• **Task goal**: For the entries below, the expected answer is the line with "Today in section", the line with "Hi everybody, it's", and every line between them, exactly as written, and nothing more.
'''
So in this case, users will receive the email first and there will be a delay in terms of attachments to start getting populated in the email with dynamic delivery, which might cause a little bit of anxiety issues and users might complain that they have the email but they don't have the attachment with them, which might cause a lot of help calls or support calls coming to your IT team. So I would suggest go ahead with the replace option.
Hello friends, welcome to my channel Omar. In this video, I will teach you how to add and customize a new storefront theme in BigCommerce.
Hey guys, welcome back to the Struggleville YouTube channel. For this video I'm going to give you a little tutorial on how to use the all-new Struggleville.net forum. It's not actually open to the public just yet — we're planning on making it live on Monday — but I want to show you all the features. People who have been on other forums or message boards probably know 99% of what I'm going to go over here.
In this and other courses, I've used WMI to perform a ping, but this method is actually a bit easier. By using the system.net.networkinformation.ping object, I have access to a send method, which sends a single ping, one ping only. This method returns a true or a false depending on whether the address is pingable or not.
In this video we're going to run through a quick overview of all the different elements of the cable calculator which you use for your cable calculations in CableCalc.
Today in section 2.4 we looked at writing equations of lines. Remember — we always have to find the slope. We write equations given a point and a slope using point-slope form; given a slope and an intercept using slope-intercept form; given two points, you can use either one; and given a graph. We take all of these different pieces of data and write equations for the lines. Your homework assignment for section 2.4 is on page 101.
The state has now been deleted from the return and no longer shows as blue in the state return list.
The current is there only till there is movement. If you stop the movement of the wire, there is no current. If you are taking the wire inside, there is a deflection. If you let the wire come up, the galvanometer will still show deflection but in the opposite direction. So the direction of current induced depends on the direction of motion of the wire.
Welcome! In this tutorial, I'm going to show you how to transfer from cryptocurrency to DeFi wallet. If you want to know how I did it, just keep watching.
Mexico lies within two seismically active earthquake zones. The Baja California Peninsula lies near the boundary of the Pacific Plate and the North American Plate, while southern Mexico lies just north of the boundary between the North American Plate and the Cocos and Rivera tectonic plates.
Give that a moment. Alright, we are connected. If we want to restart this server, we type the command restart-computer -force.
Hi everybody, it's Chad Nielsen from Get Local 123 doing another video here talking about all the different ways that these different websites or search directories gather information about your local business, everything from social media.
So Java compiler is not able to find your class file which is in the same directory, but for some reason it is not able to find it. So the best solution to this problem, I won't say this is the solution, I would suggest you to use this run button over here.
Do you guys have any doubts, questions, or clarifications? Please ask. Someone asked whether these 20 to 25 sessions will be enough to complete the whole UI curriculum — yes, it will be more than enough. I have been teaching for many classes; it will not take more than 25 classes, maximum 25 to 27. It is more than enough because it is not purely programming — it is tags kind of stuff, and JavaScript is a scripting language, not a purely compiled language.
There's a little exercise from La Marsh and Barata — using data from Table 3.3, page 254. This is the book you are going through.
'''
• **Written answer**:
Today in section 2.4 we looked at writing equations of lines. Remember — we always have to find the slope. We write equations given a point and a slope using point-slope form; given a slope and an intercept using slope-intercept form; given two points, you can use either one; and given a graph. We take all of these different pieces of data and write equations for the lines. Your homework assignment for section 2.4 is on page 101.
The state has now been deleted from the return and no longer shows as blue in the state return list.
The current is there only till there is movement. If you stop the movement of the wire, there is no current. If you are taking the wire inside, there is a deflection. If you let the wire come up, the galvanometer will still show deflection but in the opposite direction. So the direction of current induced depends on the direction of motion of the wire.
Welcome! In this tutorial, I'm going to show you how to transfer from cryptocurrency to DeFi wallet. If you want to know how I did it, just keep watching.
Mexico lies within two seismically active earthquake zones. The Baja California Peninsula lies near the boundary of the Pacific Plate and the North American Plate, while southern Mexico lies just north of the boundary between the North American Plate and the Cocos and Rivera tectonic plates.
Give that a moment. Alright, we are connected. If we want to restart this server, we type the command restart-computer -force.
Hi everybody, it's Chad Nielsen from Get Local 123 doing another video here talking about all the different ways that these different websites or search directories gather information about your local business, everything from social media.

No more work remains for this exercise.